Find the line with "Crea Halı Liza 18506 100X200" in the records below. Output exactly from there until after the line with "Bild von SIEMENS", without pictures.

(Exercise data):
***
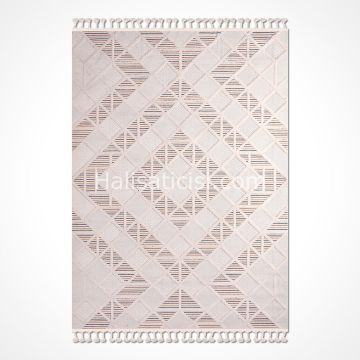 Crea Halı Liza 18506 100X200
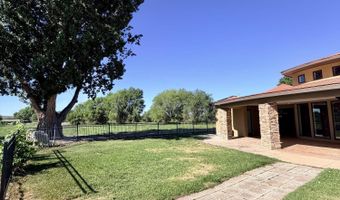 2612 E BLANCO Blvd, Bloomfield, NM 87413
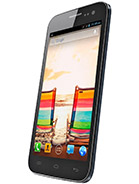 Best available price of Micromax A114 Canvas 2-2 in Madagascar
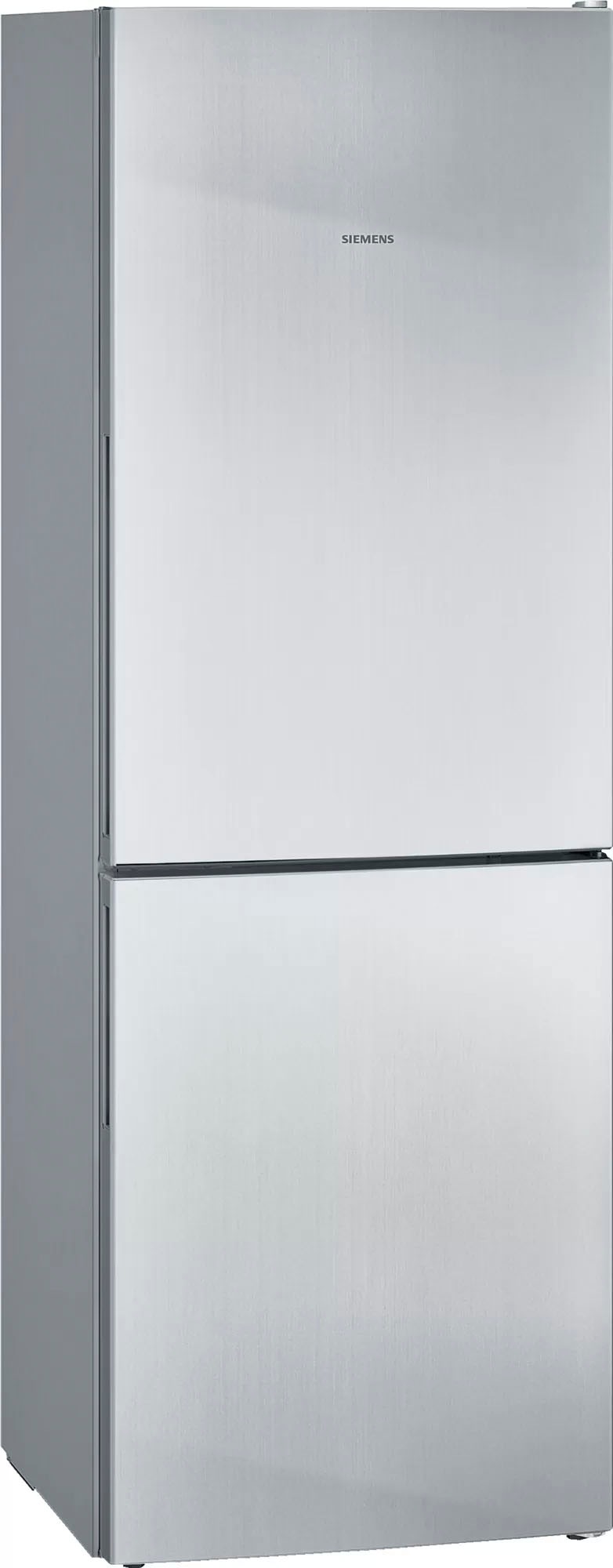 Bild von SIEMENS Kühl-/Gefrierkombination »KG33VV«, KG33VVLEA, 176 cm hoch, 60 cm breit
***
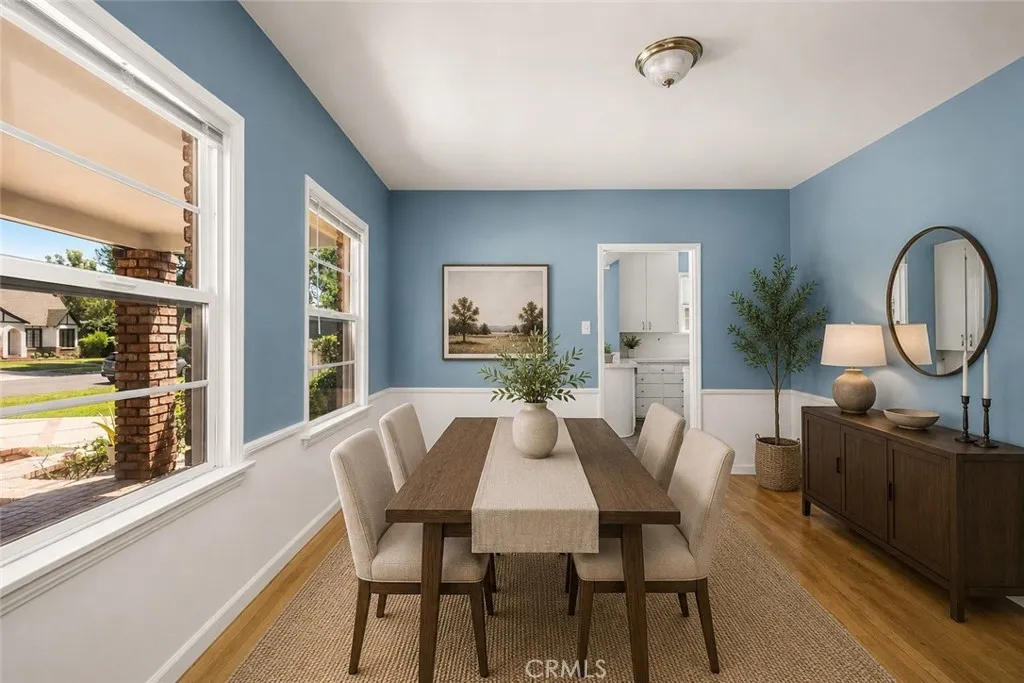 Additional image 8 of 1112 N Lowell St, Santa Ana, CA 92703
***
(Exercise solution):
 Crea Halı Liza 18506 100X200
 2612 E BLANCO Blvd, Bloomfield, NM 87413
 Best available price of Micromax A114 Canvas 2-2 in Madagascar
 Bild von SIEMENS Kühl-/Gefrierkombination »KG33VV«, KG33VVLEA, 176 cm hoch, 60 cm breit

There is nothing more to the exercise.